3.2.3 Insecticidal gene characterizationDetection of insecticidal genes in the reference resulted in seven different genes that were found, always full-length and with 100% identity compared to the BPPRC database. Six of the insecticidal protein sequences (Vip3Aa58, Cry2Ab1, Cry2Aa1, Cry1Ia10, Cry1Ac5, and Cry1Aa8) were all encoded on the same plasmid in the reference genome (accession: NZ_CP009999.1). The protein sequence for Cry1Ab3 was encoded on a different plasmid (accession: NZ_CP010003.1). The results of the insecticidal gene detection in the 16 isolate assemblies are shown in Figure 3. All isolate assemblies contained a full-length copy of the protein sequences of Vip3Aa58, Cry2Ab1, Cry2Aa1, and Cry1Ia10 with 100% sequence identity compared to the amino acid sequences found in the reference genome. Multiple sequence alignment with the corresponding nucleotide sequences confirmed that these sequences were also identical at the nucleotide level. Most assemblies also contained partial but 100% identity hits for the Cry1Ac5, Cry1Ab3, and Cry1Aa8 protein sequences with the exception of two cases. No Cry1Ab3 sequence was detected for isolate 1 of sample 3, and the Cry1Ac5 protein sequence for isolate 2 of sample 4 contained amino acid substitutions. The assemblies were too fragmented to determine if Vip3Aa58, Cry2Ab1, Cry2Aa1, Cry1Ia10, Cry1Ac5, and Cry1Aa8 were encoded on the same plasmid. Read mapping of individual isolate short read datasets against the reference genome was performed to manually investigate the presence of cry1Ac5, cry1Ab3, and cry1Aa8 (see Supplementary Figures S3–S14). This analysis indicated that partial hits for these genes were due to the genes being located on contig edges due to assembly fragmentation and confirmed that the full genes were present in the sequencing reads. Investigation of the missing cry1Ab3 sequence for isolate 1 of sample 3 indicated that its host plasmid is likely present at a very low copy number (see Supplementary Figure S10). Investigation of the altered Cry1Ac5 protein sequence for isolate 2 of sample 4 confirmed the presence of several SNPs in the insecticidal gene. To ensure no additional insecticidal genes were present in any isolate on top of those seven present in the reference genome, an additional search was done in all isolate assemblies using all protein sequences in the BPPRC database, but no additional insecticidal genes were found.

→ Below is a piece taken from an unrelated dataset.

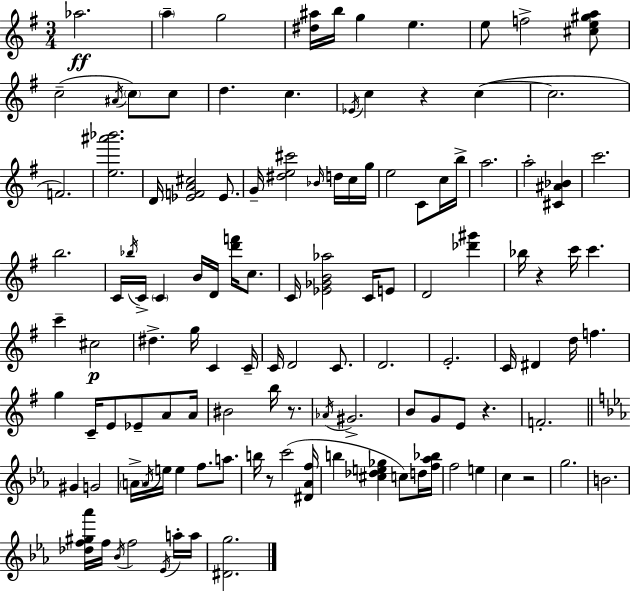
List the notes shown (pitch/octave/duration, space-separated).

Ab5/h. A5/q G5/h [D#5,A#5]/s B5/s G5/q E5/q. E5/e F5/h [C#5,E5,G#5,A5]/e C5/h A#4/s C5/e C5/e D5/q. C5/q. Eb4/s C5/q R/q C5/q C5/h. F4/h. [E5,A#6,Bb6]/h. D4/s [Eb4,F4,A4,C#5]/h Eb4/e. G4/s [D#5,E5,C#6]/h Bb4/s D5/s C5/s G5/s E5/h C4/e C5/s B5/s A5/h. A5/h [C#4,A#4,Bb4]/q C6/h. B5/h. C4/s Bb5/s C4/s C4/q B4/s D4/s [D6,F6]/s C5/e. C4/s [Eb4,Gb4,B4,Ab5]/h C4/s E4/e D4/h [Db6,G#6]/q Bb5/s R/q C6/s C6/q. C6/q C#5/h D#5/q. G5/s C4/q C4/s C4/s D4/h C4/e. D4/h. E4/h. C4/s D#4/q D5/s F5/q. G5/q C4/s E4/e Eb4/e A4/e A4/s BIS4/h B5/s R/e. Ab4/s G#4/h. B4/e G4/e E4/e R/q. F4/h. G#4/q G4/h A4/s A4/s E5/s E5/q F5/e. A5/e. B5/s R/e C6/h [D#4,Ab4,F5]/s B5/q [C#5,Db5,E5,Gb5]/q C5/e D5/s [F5,Ab5,Bb5]/s F5/h E5/q C5/q R/h G5/h. B4/h. [Db5,F5,G#5,Ab6]/s F5/s Bb4/s F5/h Eb4/s A5/s A5/s [D#4,G5]/h.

Figure 3. Insecticidal gene content of the isolate and metagenomic assemblies. Rows correspond to the reference genome, isolate (suffix “-isl”), or metagenomic (suffix “-meta”) assemblies, and columns correspond to the seven insecticidal genes present in the reference genome. For each assembly and insecticidal gene sequence, one of three match types can apply. A “found” match type indicates that the nucleotide sequence was entirely present in the isolate with 100% identity compared to the nucleotide sequence of the reference genome. A “missing” match type indicates that the sequence could not be found. A “mutant” match type indicates that an insecticidal gene sequence was found but with mutations. An asterisk presents that a gene with match type “found” was initially not found in the assemblies, but detected upon further investigation with read mapping.

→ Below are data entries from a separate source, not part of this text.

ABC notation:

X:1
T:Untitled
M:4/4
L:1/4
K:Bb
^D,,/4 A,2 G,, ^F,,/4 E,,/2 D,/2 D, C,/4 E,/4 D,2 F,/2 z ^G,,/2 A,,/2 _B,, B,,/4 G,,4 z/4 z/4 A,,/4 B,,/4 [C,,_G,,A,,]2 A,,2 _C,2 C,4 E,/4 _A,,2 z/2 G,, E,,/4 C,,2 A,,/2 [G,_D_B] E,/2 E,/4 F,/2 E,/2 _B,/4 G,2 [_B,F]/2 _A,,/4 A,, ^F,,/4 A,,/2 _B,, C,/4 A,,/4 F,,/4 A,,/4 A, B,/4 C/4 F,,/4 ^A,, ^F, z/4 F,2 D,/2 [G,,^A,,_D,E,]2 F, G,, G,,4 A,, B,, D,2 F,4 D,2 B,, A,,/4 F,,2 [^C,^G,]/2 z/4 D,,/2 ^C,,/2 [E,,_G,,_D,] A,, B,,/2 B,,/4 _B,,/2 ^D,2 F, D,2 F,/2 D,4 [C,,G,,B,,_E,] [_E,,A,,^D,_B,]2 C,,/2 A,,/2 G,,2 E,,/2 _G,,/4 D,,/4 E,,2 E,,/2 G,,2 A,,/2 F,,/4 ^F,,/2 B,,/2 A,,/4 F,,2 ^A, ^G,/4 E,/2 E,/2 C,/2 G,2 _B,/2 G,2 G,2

The sequence of the altered cry1Ac5 gene in isolate 2 of sample 4 corresponded with a different cry gene, cry1Ab3, which is present on a different plasmid, suggesting a chimeric sequence was present in this isolate. To confirm this chimeric change to be really present and not constitute an artifact, PCR amplification and Sanger sequencing of the cry1Ac5 gene were performed for all isolates of samples 3 and 4, as well as directly on samples 3 and 4. These results confirmed the presence of a chimeric gene in isolate 2 of sample 4, comprising the beginning of cry1Ac3 and the ending of cry1Ac5 (see Supplementary Text S4). This chimeric construct was not present in any other isolates nor in the sequences obtained without isolation from samples 3 and 4. Additional investigation confirmed it was also not present in the reference genome (results not shown).

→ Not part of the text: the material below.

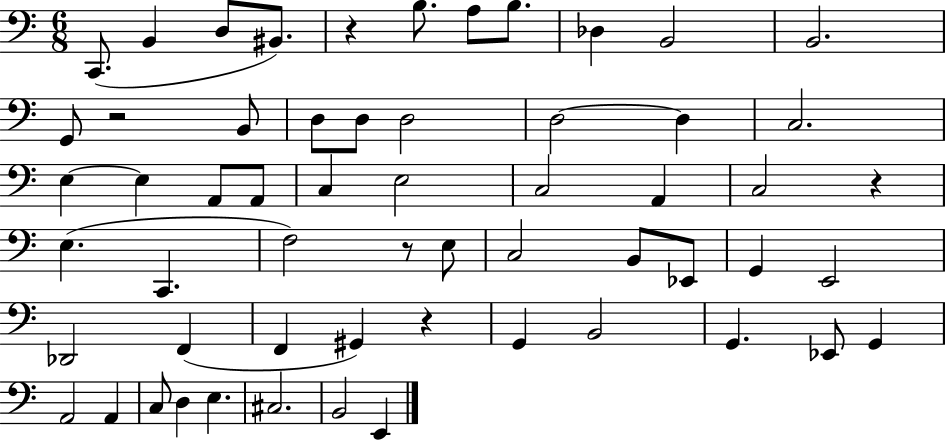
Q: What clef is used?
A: bass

3.3 Characterization of the Bacillus thuringiensis samples by means of metagenomic short- and long-read sequencing 3.3.1 Microbial compositionFor all four samples, direct metagenomics sequencing of all DNA contained in a sample was also performed with both short- and long-read technologies. Taxonomic classification on both short- and long-read datasets was performed with Kraken2. An overview of the observed microbial composition of the samples is available in Supplementary Figures S15–S22, and a summary is presented in Supplementary Table S9. None of the samples contained genera with ≥1% reads assigned to it other than Bacillus. All samples contained an “other root” fraction of more than 1%, corresponding to reads containing k-mers belonging to different domains, which were assembled and manually compared to NCBI’s nucleotide database. This analysis indicated that contigs originating from the “other root” fractions only contained hits for the B. thuringiensis chromosome, B. thuringiensis plasmids, and Bacillus phages (results not shown). Evaluation of the microbial composition hence indicated no contaminating genera were present in the samples (excluding Bacillus phages).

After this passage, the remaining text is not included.